Una montaña lejana mostró su desagrado escupiendo un chorro de magma azul.

—Como de costumbre, los conceptos de Dodar bordean casi supersticiosamente lo inconcebible.

—¡En absoluto! —replicó Dodar—. Una última anécdota para ejemplificar mi punto de vista… No, veo que Shimrod está ansioso por partir. ¡Qué tengas un viaje agradable!

Shimrod avanzó tanteando el hilo, a veces en varias direcciones al mismo tiempo, a través de nubes de música amarga, y del blando vientre de lo que caprichosamente consideró ideas muertas. Vientos verdes y azules soplaban desde abajo y arriba con tal fuerza que temió que se cortara el hilo, que parecía haber adquirido una curiosa plasticidad. Al fin, el ovillo recobró su dimensión original y Shimrod supo que debía estar cerca de la abertura. Se topó con un sandestin con forma de niño de cara lozana, sentado en una piedra y aferrado a la punta del hilo.
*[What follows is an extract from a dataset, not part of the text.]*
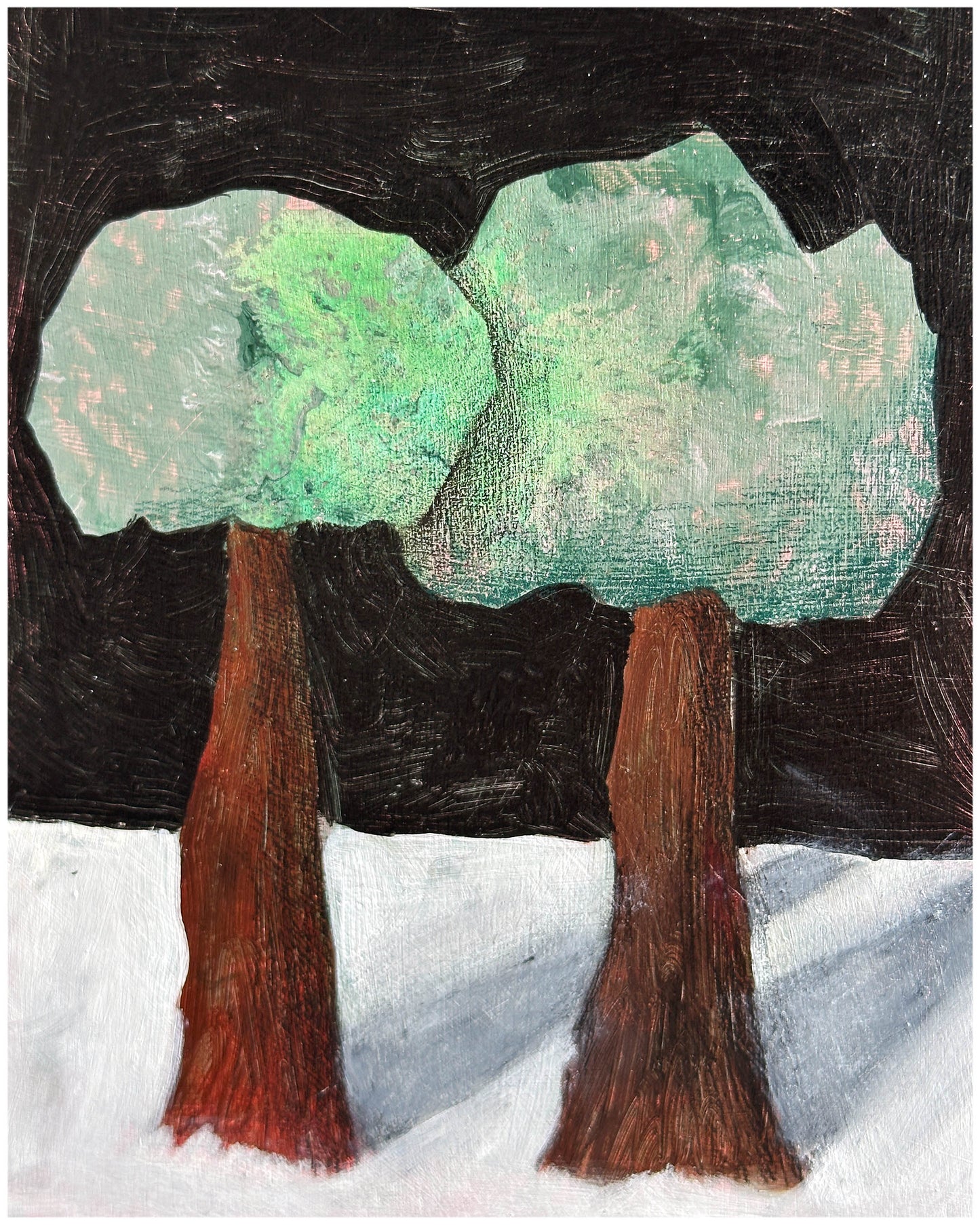 Two trees with nowhere else to grow.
Shimrod se detuvo. El sandestin se irguió lánguidamente.

—¿Llevas trece gemas?

—Así es, y ahora estoy preparado para regresar.

—Dame las gemas. Debo llevarlas a través del vórtice.

—Será mejor que las lleve yo —dijo Shimrod con desconfianza—. Son demasiado delicadas para confiarlas a un subalterno.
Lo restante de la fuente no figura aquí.